Paige McKenna thought taking a nanny job with the wealthy Sawyers would bring her closer to the truth about her father’s mysterious disappearance. But instead of answers, she’s entangled in secrets far darker than she imagined. And at the heart of them stands Ford—magnetic, brooding, and possibly a murderer.

As dangerous truths rise to the surface and a ghostly presence stirs within the walls of Heartstone Manor, Ford and Paige must decide if they can trust each other. Because someone is watching, someone is hunting—and the past isn’t done with either of them.

Forbidden Heart is a standalone romance with a happy ending. It’s the ninth and final book in The Hearts of Sawyers Bend series, featuring the Sawyer family of Sawyers Bend

*************FULL BOOK START HERE*************

Chapter One

PAIGE

ONE YEAR AGO

Istared into the cold dregs of my coffee and let out a sigh. I wanted to curl up in a ball and sleep for a million years. Slouching back in my chair, I tried a deep breath, hoping some oxygen in my brain would wake me up. I hadn’t slept well in months. At night, I’d lain in my childhood bedroom listening to the rattle of my mother’s breaths as she struggled for air, dying a little more every day. Now, the silence was oppressive, every creak of the house as loud as a gunshot.

I was alone. I’d thought it was all I wanted.

I hated this house. The walls were a sick mustard shade, stained by years of cigarette smoke. The linoleum in the kitchen was faded and worn through in spots. My mother had refused to update any of it. Decorations were a waste of money, she’d insisted, and waste was sinful.

I’d escaped this house as soon as I could figure out how, leaving at eighteen for college, paying my way by working as a nanny, a job I’d found out of pure luck. I’d arrived on campus knowing my scholarships would only go so far, and I needed to find a job fast. Then a professor had a friend who had lost their nanny last minute. They were desperate. I was desperate. I didn’t have a ton of experience with kids, but neither of us was in a position to quibble. I took the position, and within six months I’d moved out of the dorms and into their home, changing my major to early childhood education. Who knew I’d love taking care of someone else’s kids?

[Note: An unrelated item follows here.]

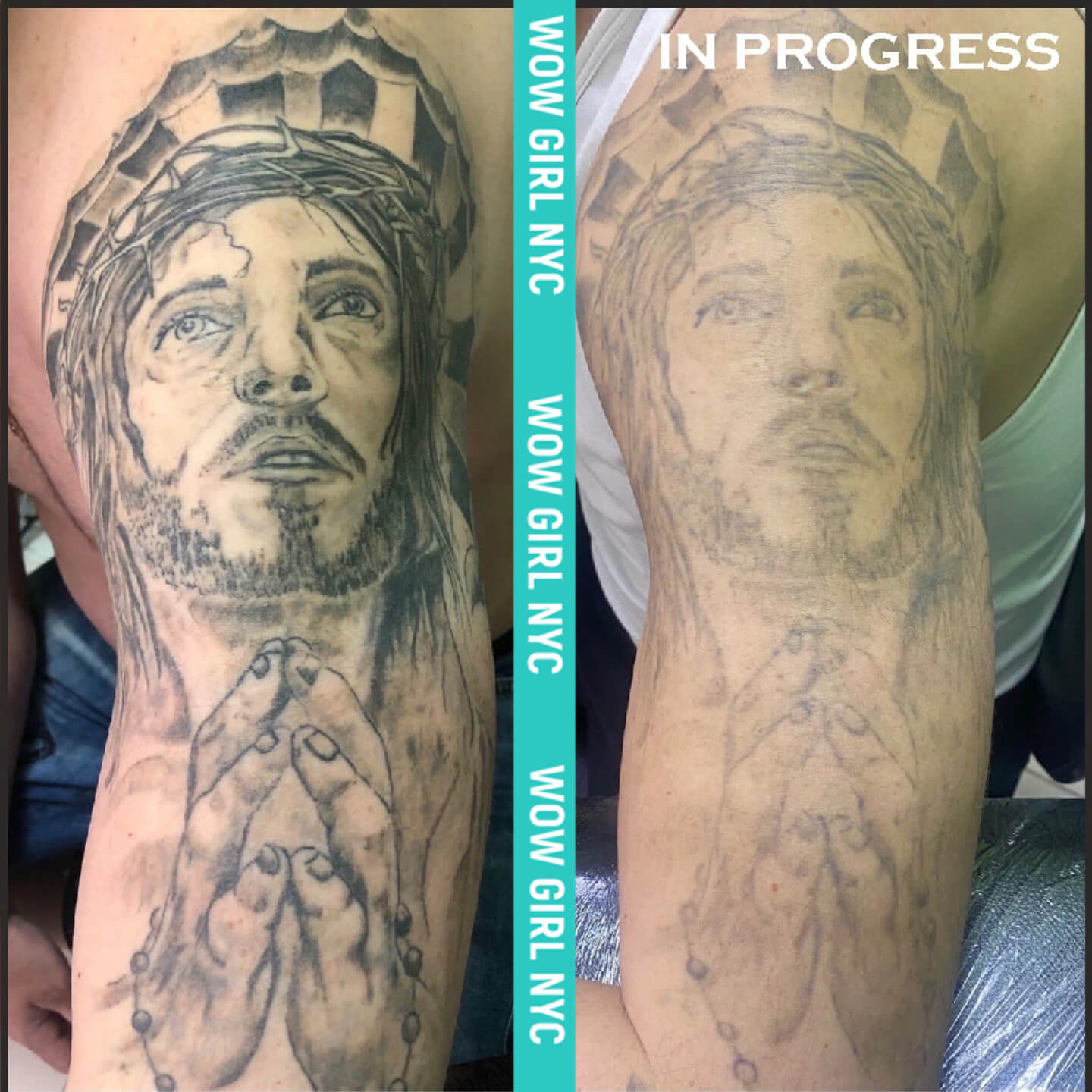 laser removal of arm tattoo results New York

I didn’t want my own—not anytime soon—but for the first time in my life I’d seen what a family was supposed to be like. For so many years it had just been my mother and me, after my father had walked out on us. Nothing about growing up with Harriet McKenna brought to mind the concept of family. Constant criticism and a liberal smack of her palm on my cheek when she was displeased had left me feeling like the only point of family was to escape them.

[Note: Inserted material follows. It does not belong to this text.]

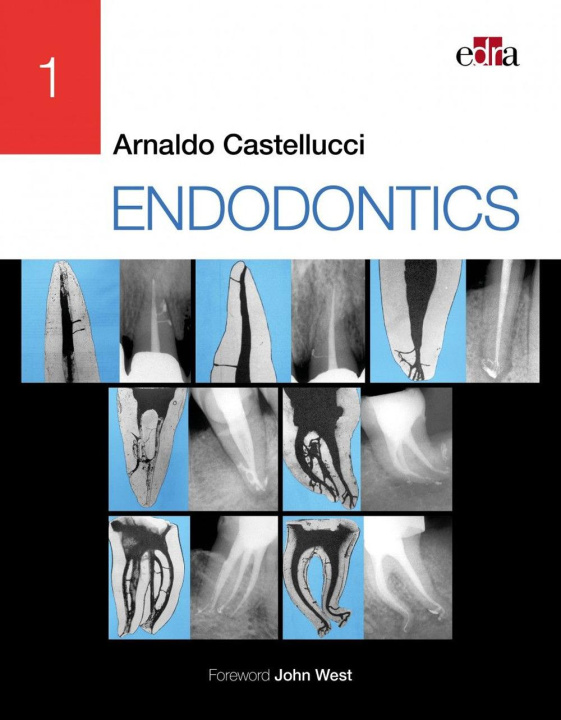 Könyv ENDODONTICS - 2 Volume Set Arnaldo Castellucci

But at eighteen, a freshman in college warmly enfolded into the Bellingham family, I saw what it could be. A husband and wife who loved each other, who made time even though they both had busy careers. Who doted on their children despite their packed schedules. The kids were easy to love. Abby, an infant, fussy at nap time and not a fan of the bottle, but otherwise the cutest thing I’d ever seen. And Joshua—a spirited two-year-old. We did well enough once he learned he couldn’t charm me, though deep inside I had to fight not to give in when he flashed those dimples.

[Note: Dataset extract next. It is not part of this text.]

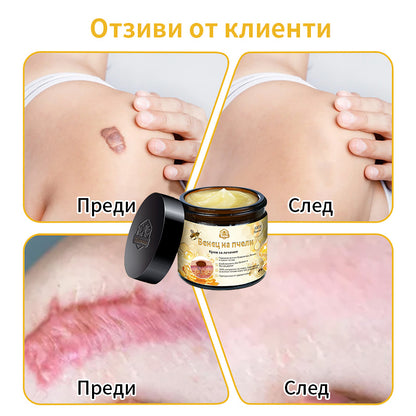 𝑇𝑢𝑟𝑜𝑛𝑢™ Крем за грижа за кожата на основата на пчелна отрова🐝 (Препоръчано от NCPH)💎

I stayed with the Bellinghams through college and two years of grad school, intending to leave and find a teaching job from there. The kids were old enough to go to school, and I needed to make a decision. I had the degrees. I’d acquired some in-class experience. What did I want?

I’d been headed to the classroom when a friend of the Bellinghams made me an offer I couldn’t refuse: follow their family as they traveled, minding two young children. It was a chance to see Europe on someone else’s dime. I’d met the Smiths in the course of my years with the Bellinghams—they were kind and fun, their kids boisterous but good-hearted. I said yes, packed my bags, and off we went.

Another four years passed that way. I could have gone on like that forever. Halfway through my twenty-ninth year, I got the call. My mother—who I’d barely spoken to in almost a decade—was sick, dying, and alone. Reluctantly, I went home, though “home” hardly seemed the word to describe this place. I looked around again and sighed. What a waste. What a sad house she’d lived in—we’d lived in. Now that I’d seen the world and knew how things could be, the stark contrast was all the more apparent.